Abdalla Nada, Banerjee Sudipto, Ramachandran Gurumurthy, Arnold Susan
Department of Biostatistics, University of California-Los Angeles, Los Angeles, CA.
Department of Environmental Health and Engineering, Bloomberg School of Public Health, Johns Hopkins University, Baltimore, MD.
Technometrics. 2020;62(2):147-160. Epub 2019 Jul 22.
Exposure assessment models are deterministic models derived from physical-chemical laws. In real workplace settings, chemical concentration measurements can be noisy and indirectly measured. In addition, inference on important parameters such as generation and ventilation rates are usually of interest since they are difficult to obtain. In this article, we outline a flexible Bayesian framework for parameter inference and exposure prediction. In particular, we devise Bayesian state space models by discretizing the differential equation models and incorporating information from observed measurements and expert prior knowledge. At each time point, a new measurement is available that contains some noise, so using the physical model and the available measurements, we try to obtain a more accurate state estimate, which can be called filtering. We consider Monte Carlo sampling methods for parameter estimation and inference under nonlinear and non-Gaussian assumptions. The performance of the different methods is studied on computer-simulated and controlled laboratory-generated data. We consider some commonly used exposure models representing different physical hypotheses. Supplementary materials for this article are available online.

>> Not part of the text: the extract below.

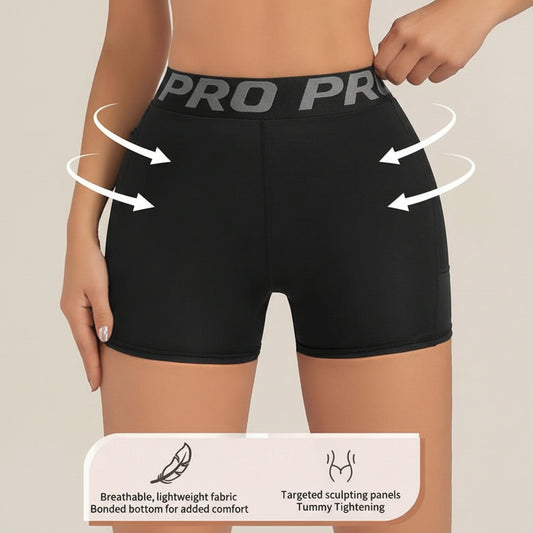 Black athletic shorts with 'PRO' waistband on a neutral background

暴露评估模型是基于物理化学定律推导出来的确定性模型。在实际工作场所环境中,化学物质浓度测量可能存在噪声且为间接测量。此外,诸如生成速率和通风速率等重要参数的推断通常备受关注,因为这些参数难以获取。在本文中,我们概述了一个用于参数推断和暴露预测的灵活贝叶斯框架。特别地,我们通过离散微分方程模型并纳入来自观测测量和专家先验知识的信息来设计贝叶斯状态空间模型。在每个时间点,会有一个包含一些噪声的新测量值,因此利用物理模型和可用测量值,我们试图获得更准确的状态估计,这可称为滤波。我们考虑在非线性和非高斯假设下用于参数估计和推断的蒙特卡罗抽样方法。在计算机模拟和受控实验室生成的数据上研究了不同方法的性能。我们考虑了一些代表不同物理假设的常用暴露模型。本文的补充材料可在线获取。